WHAT YOU NEED TO DO:
Your task is to output, without alteration, each line from the one containing "Bride To Be" through the final line of the records below.

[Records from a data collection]
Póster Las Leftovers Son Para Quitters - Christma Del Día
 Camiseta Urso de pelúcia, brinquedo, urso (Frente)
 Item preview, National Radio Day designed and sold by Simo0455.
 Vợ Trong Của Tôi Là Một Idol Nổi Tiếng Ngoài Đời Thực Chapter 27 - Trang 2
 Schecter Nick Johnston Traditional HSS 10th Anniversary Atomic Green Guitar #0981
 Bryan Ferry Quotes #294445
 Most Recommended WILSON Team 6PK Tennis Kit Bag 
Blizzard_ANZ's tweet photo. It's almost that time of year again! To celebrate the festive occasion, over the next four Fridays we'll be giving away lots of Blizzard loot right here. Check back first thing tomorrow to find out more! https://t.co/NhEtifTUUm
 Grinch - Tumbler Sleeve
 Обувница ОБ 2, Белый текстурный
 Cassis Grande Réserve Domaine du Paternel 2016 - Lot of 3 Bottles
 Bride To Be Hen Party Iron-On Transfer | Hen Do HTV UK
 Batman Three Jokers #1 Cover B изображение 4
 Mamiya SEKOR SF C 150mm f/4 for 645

EXERCISE OUTPUT:
 Bride To Be Hen Party Iron-On Transfer | Hen Do HTV UK
 Batman Three Jokers #1 Cover B изображение 4
 Mamiya SEKOR SF C 150mm f/4 for 645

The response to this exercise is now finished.